Minister of Justice of Nigeria
- In office 1984 – August 1985
- Preceded by: Kehinde Sofola
- Succeeded by: Bola Ajibola

Personal details
- Born: 20 November 1921 Onitsha, Nigeria
- Died: 3 August 2014 (aged 92)
- Alma mater: North-Western Polytechnic

= Chike Ofodile =

Nigerian Minister of Justice and International Court of Justice judge

Chike Francis Ofodile, OFR (20 November 1921 – 3 August 2014) was Attorney General and the Minister of Justice of Nigeria from 1985 to 1991 and a Judge of the International Court of Justice from 1984 to 1985. He was once the traditional Prime Minister of Onitsha.

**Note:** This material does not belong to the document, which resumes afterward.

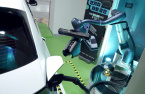 Doosan, LG unveil automated EV charger served by robot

==Early life and education==
Onowu Chike Ofodile was born on 20 November 1921, in Onitsha, Anambra State. For his primary school education, he attended Immanuel Church Infant School, St. Mary’s Primary School in Onitsha. His secondary school education was at Christ the King College (CKC), also in Onitsha. After his graduation from CKC, he worked as a teacher at the Holy Trinity School, Onitsha in 1941. In 1954 proceeded to Balham and Tooting College, London and North-Western Polytechnic, London. He attended the Inns of Court School of Law in 1959. He was called to the bar at the Middle Temple, London, also in 1959. He attended the Nigerian Law School and was called to the Nigerian Bar in 1960.

==Career==
He started his legal career in 1959 in the chambers of his cousin and worked there till 1964. In 1964, he went into private practice. In 1979, he was made a Senior Advocate of Nigeria as well as a life bencher. He left private practice in 1983 and became a member of the defunct Supreme Military Council. In 1984, General Muhammadu Buhari, then military president of Nigeria appointed him as the Attorney-General of the Federation and Minister of Justice. He left office in August 1985.

==Awards and recognitions==
In 2008, President Umaru Musa Yar'Adua conferred on him the National Honour, Officer of the Order of the Federal Republic (OFR).